— WORK INSTRUCTIONS —
Where the line containing "1128 Marshall Avenue" appears, end the copy there, keeping that line; start from the first line of the entries, copy exactly, and omit pictures.

━━━━━ GIVEN INFORMATION ━━━━━

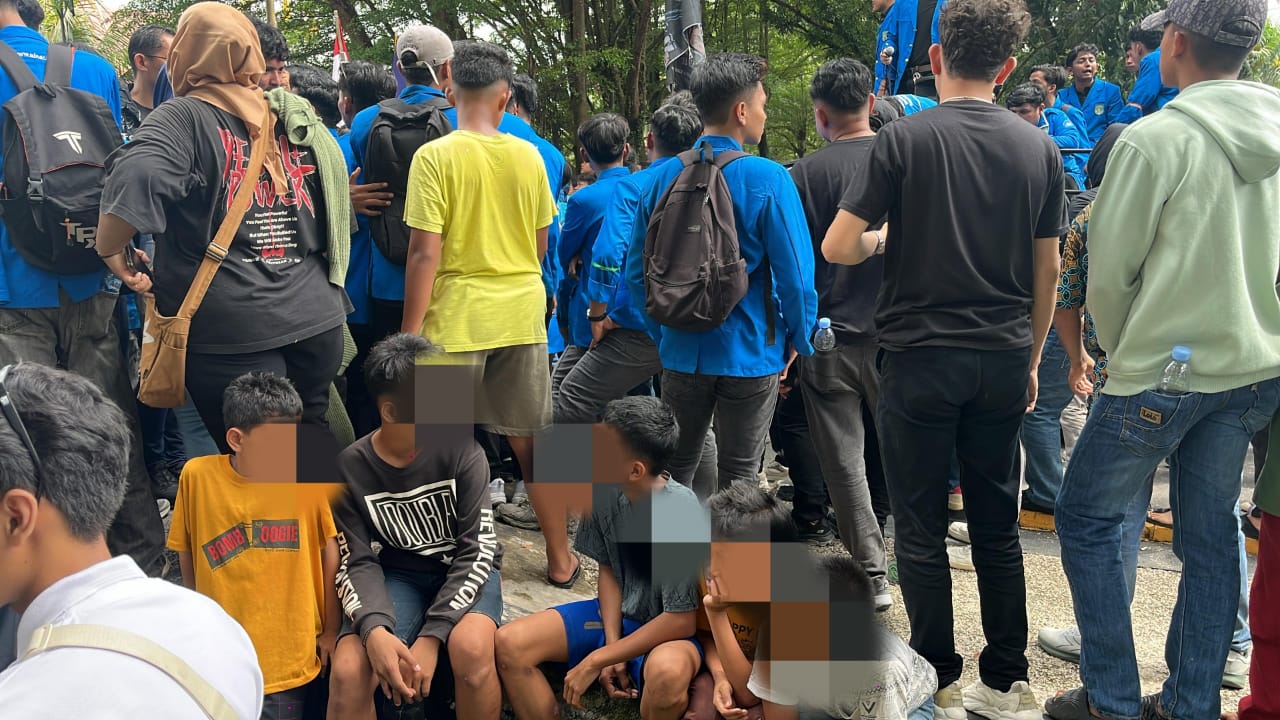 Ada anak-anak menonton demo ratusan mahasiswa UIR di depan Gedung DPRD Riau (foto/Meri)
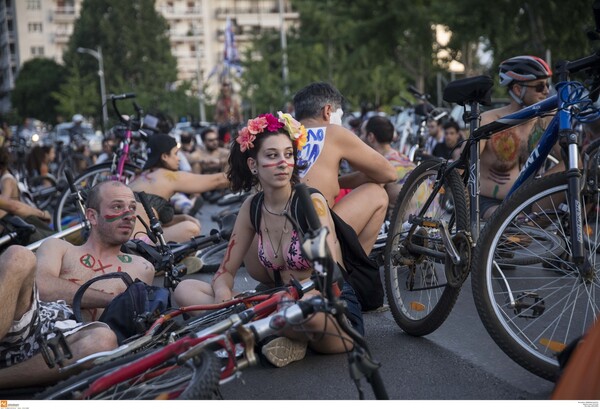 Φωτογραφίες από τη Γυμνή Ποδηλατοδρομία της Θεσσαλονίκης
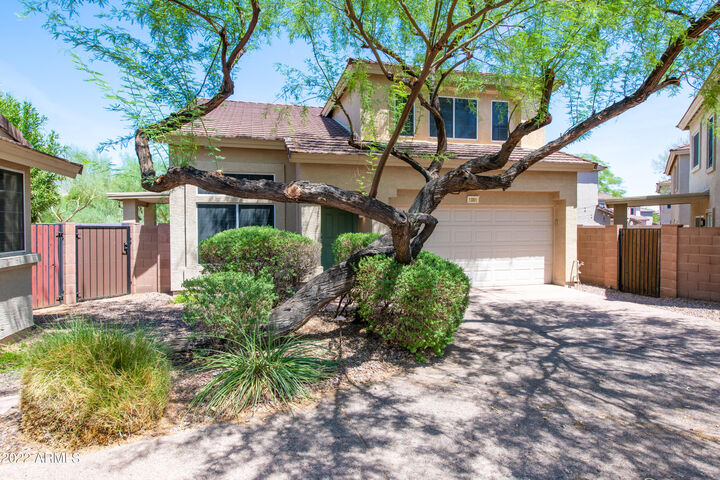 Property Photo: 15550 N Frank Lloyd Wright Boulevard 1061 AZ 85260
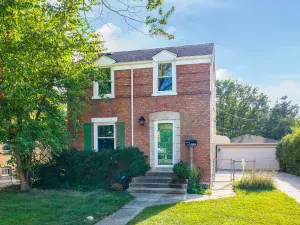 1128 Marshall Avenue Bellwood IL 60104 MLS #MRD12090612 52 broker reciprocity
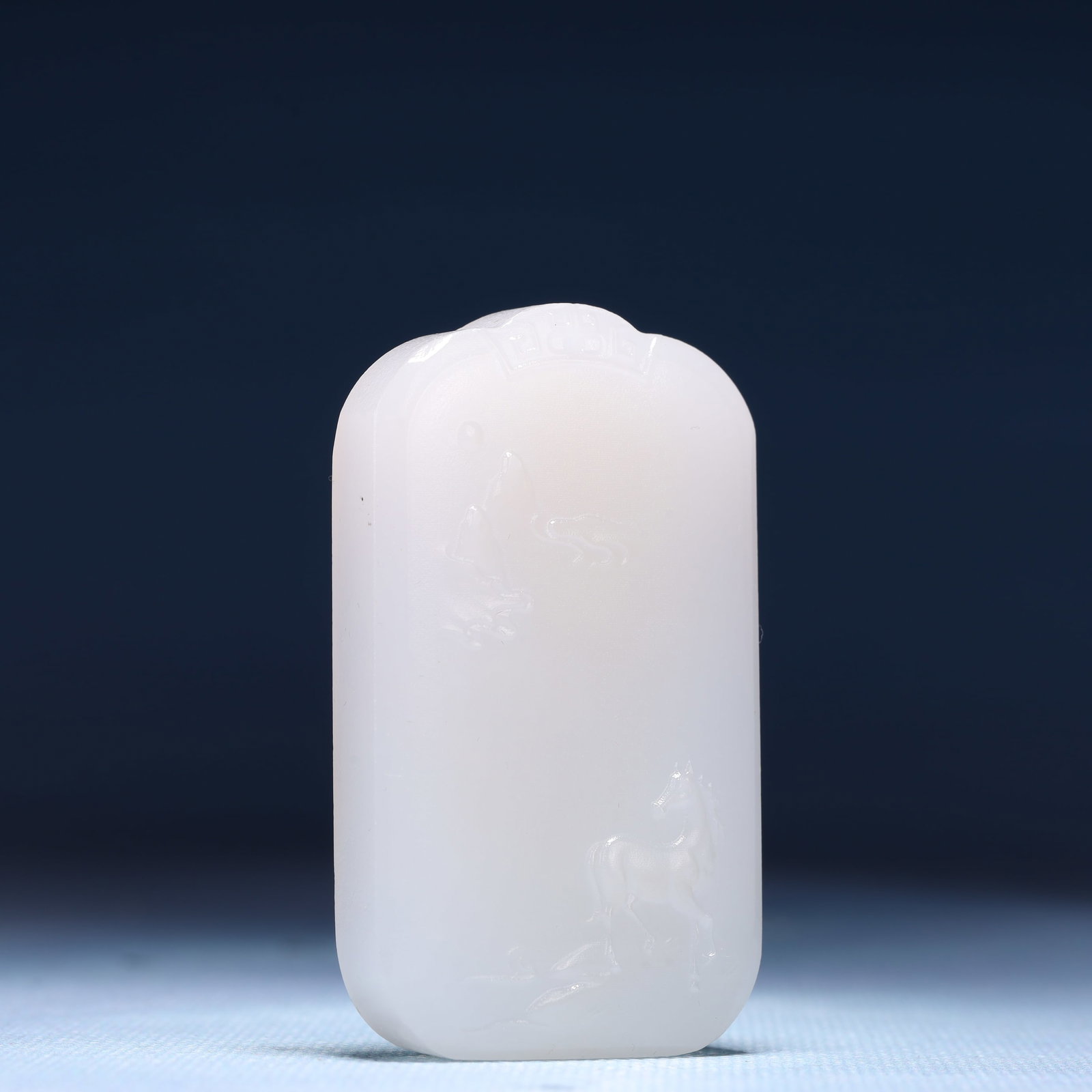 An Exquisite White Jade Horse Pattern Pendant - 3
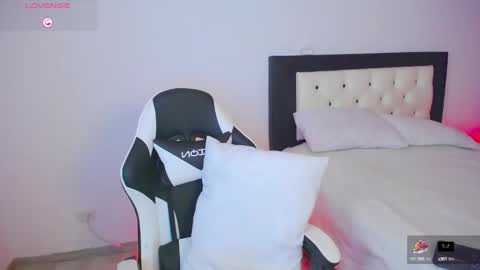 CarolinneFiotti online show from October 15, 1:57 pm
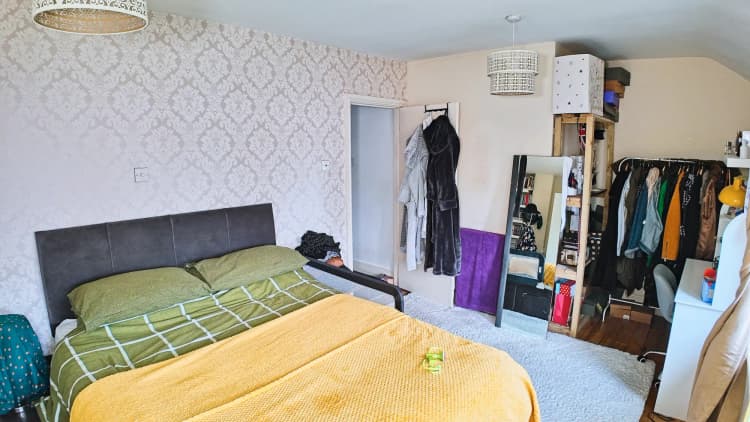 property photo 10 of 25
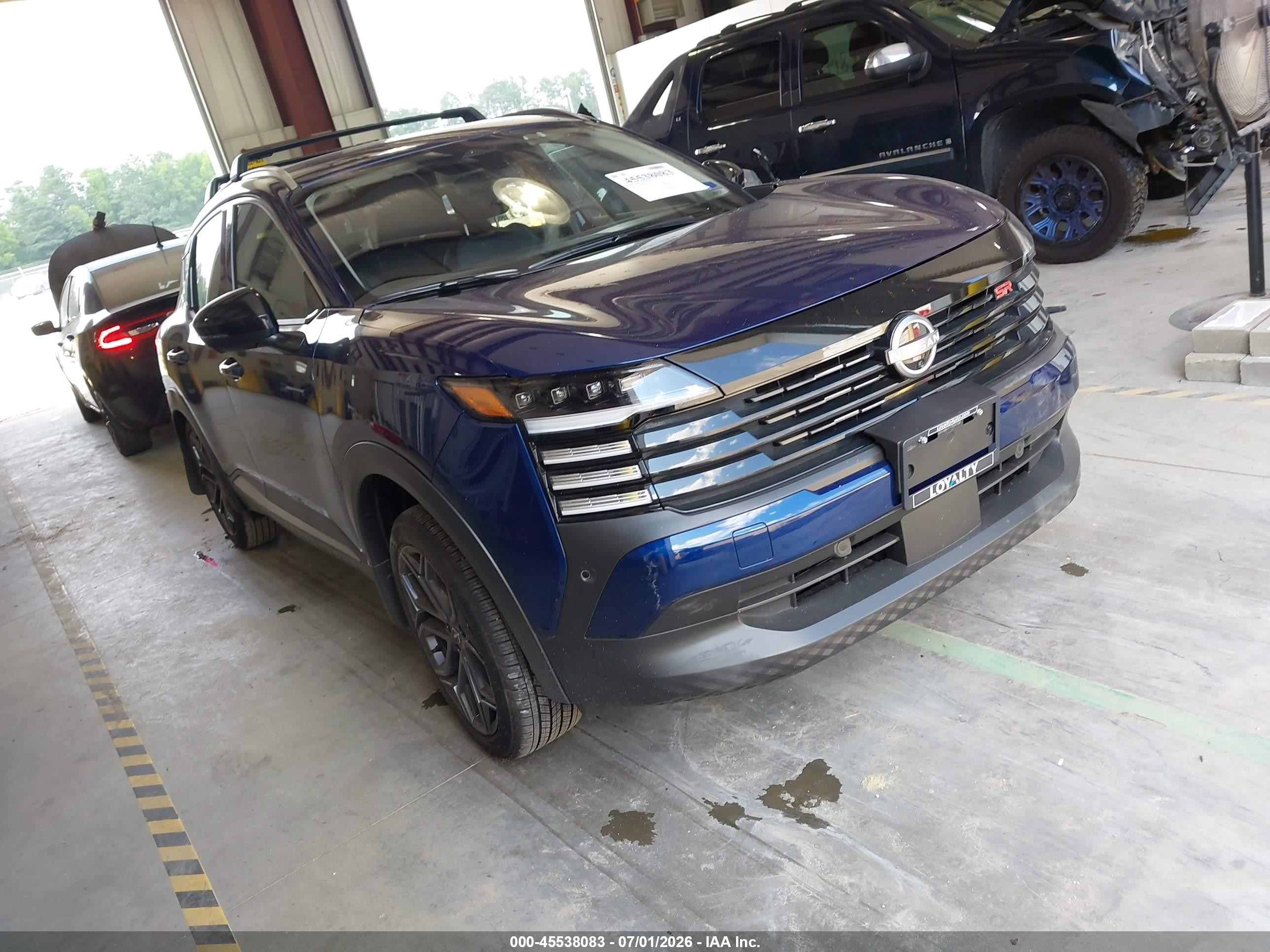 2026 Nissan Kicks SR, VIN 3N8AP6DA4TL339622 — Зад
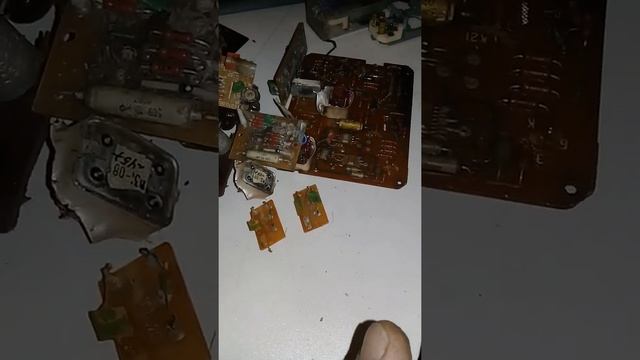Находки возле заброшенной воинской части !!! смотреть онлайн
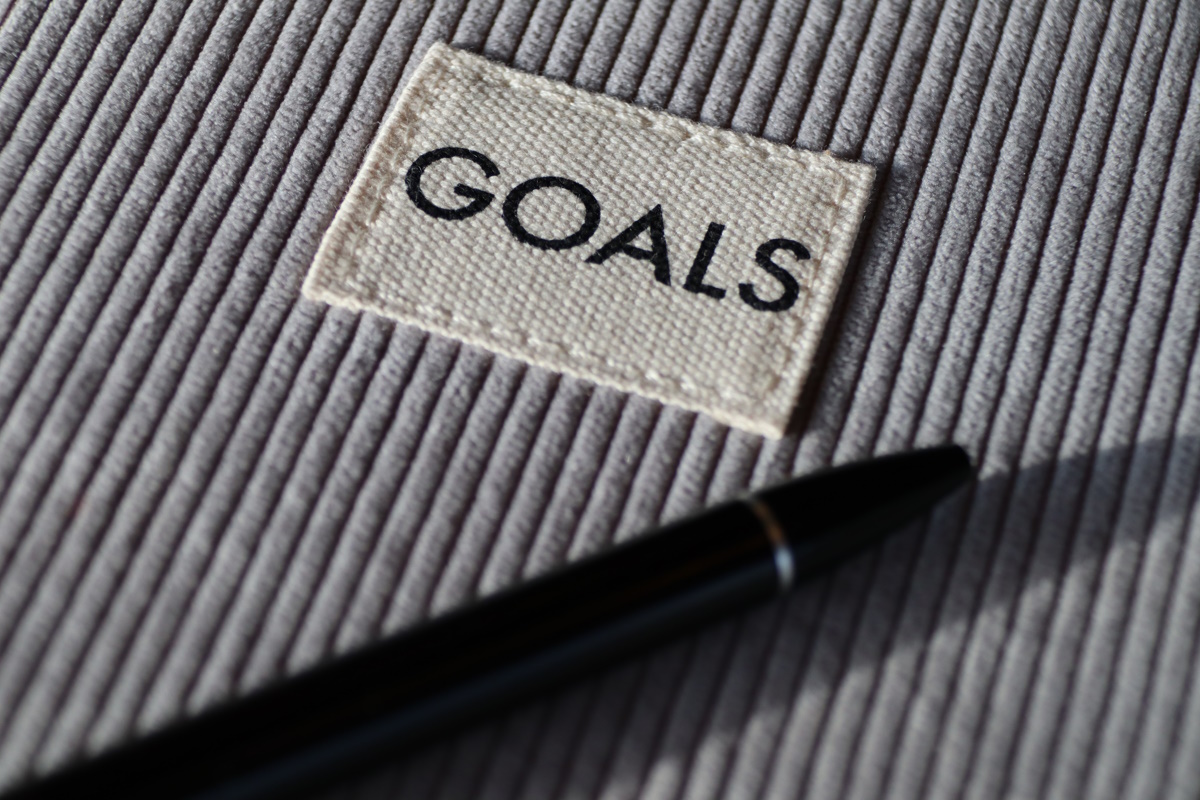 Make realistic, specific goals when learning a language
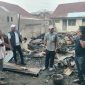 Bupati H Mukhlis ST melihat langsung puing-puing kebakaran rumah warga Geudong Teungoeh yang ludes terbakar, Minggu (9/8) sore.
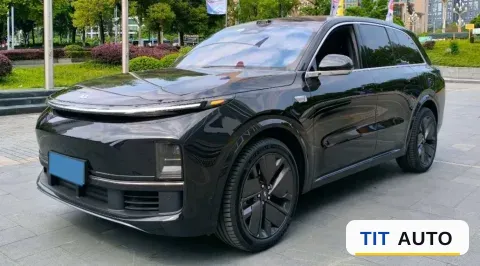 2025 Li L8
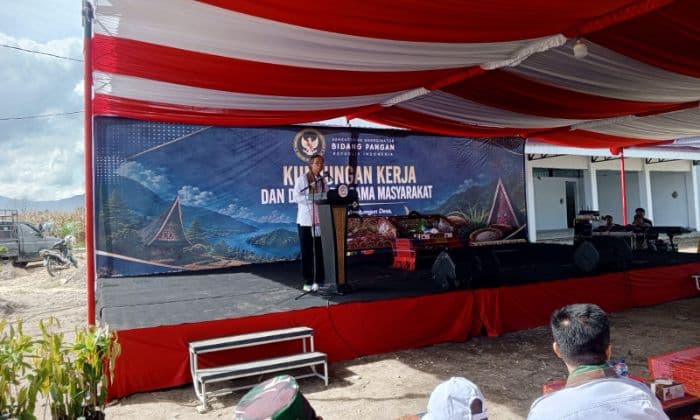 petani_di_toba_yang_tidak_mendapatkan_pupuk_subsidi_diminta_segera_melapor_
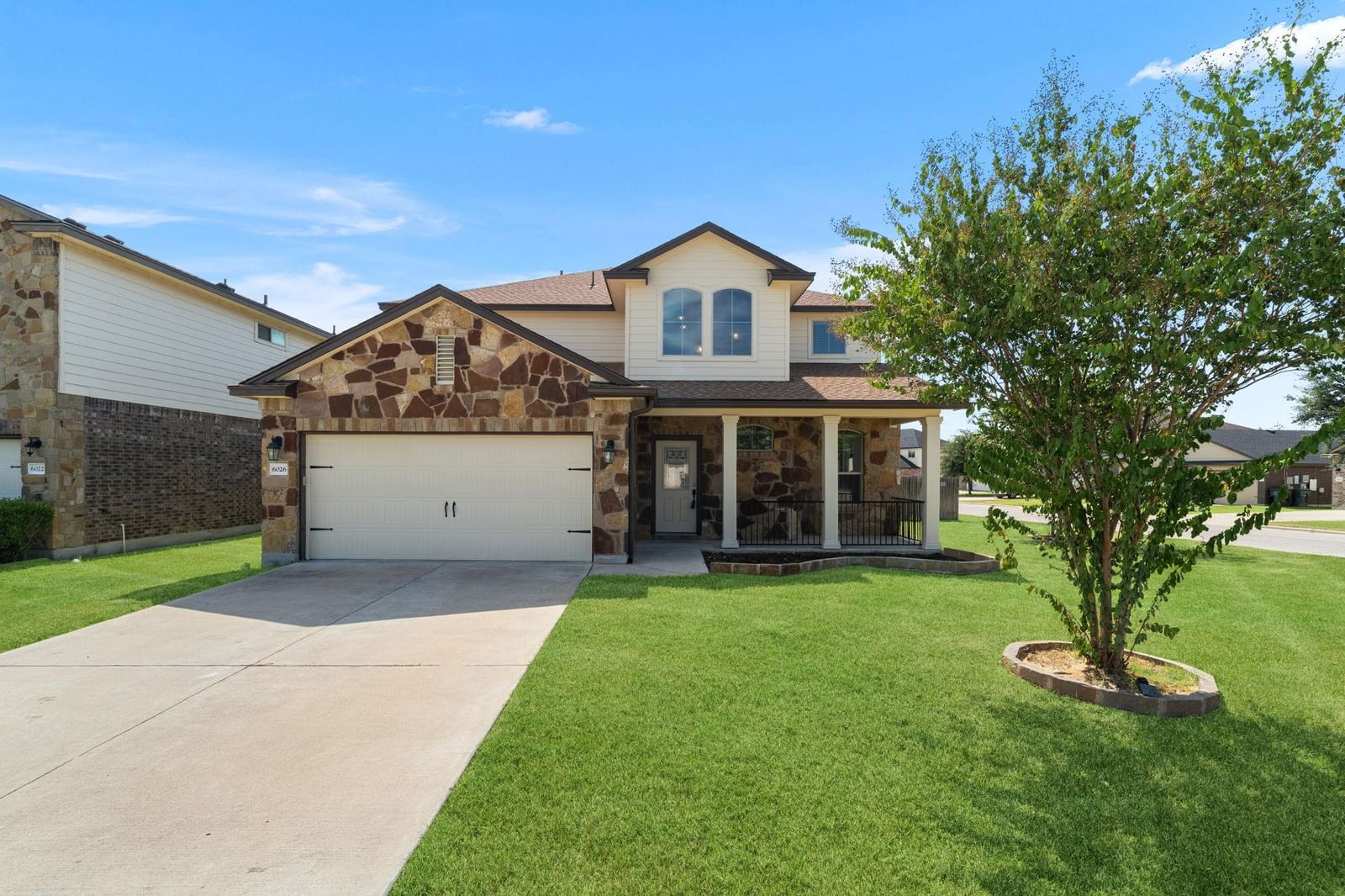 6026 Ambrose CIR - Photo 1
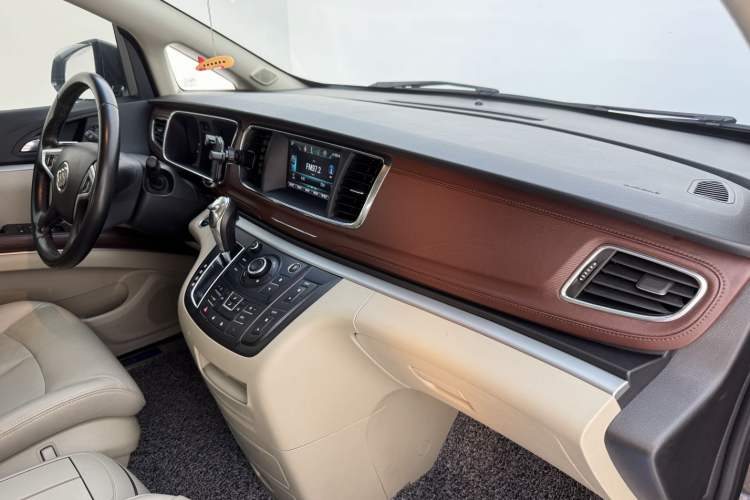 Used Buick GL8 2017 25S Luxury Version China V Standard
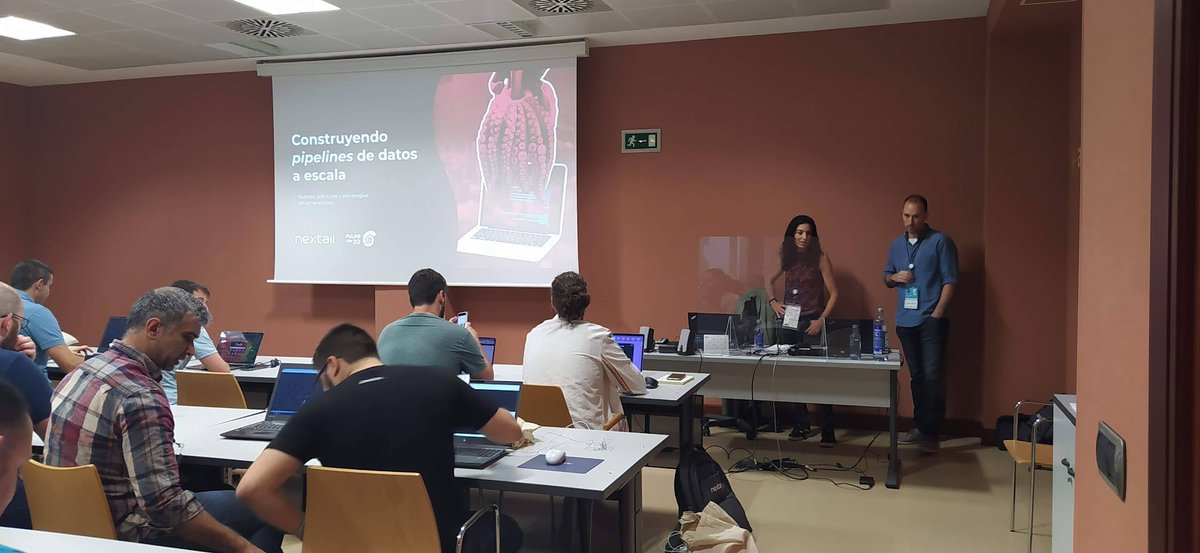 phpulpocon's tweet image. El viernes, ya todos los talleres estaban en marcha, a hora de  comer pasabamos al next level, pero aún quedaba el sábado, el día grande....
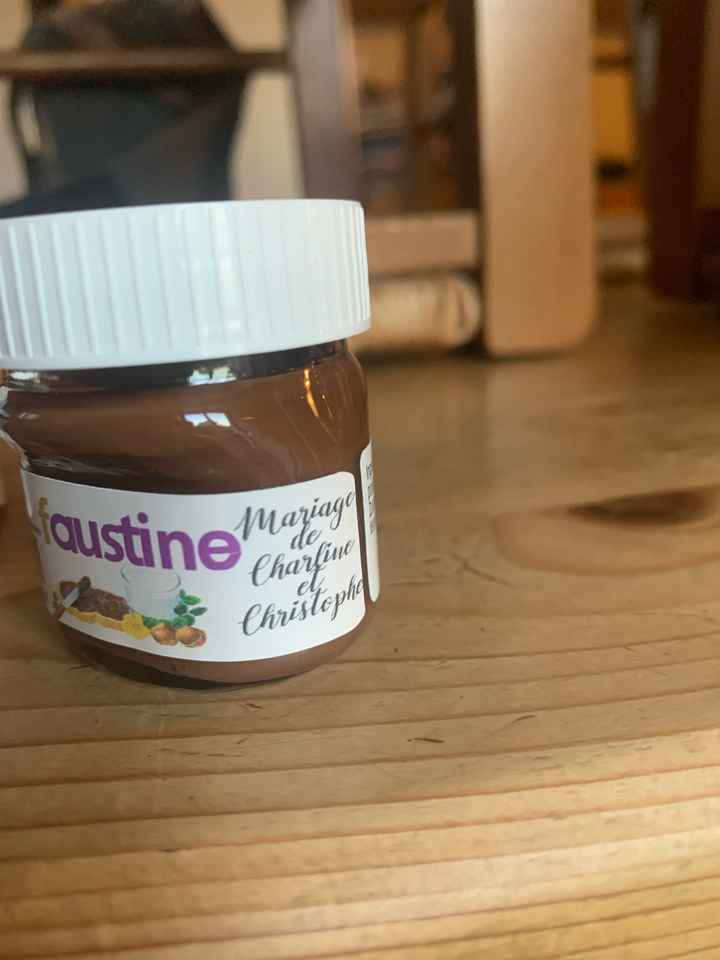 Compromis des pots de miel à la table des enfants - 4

━━━━━

— PROBLEM SOLUTION —
 Ada anak-anak menonton demo ratusan mahasiswa UIR di depan Gedung DPRD Riau (foto/Meri)
 Φωτογραφίες από τη Γυμνή Ποδηλατοδρομία της Θεσσαλονίκης
 Property Photo: 15550 N Frank Lloyd Wright Boulevard 1061 AZ 85260
 1128 Marshall Avenue Bellwood IL 60104 MLS #MRD12090612 52 broker reciprocity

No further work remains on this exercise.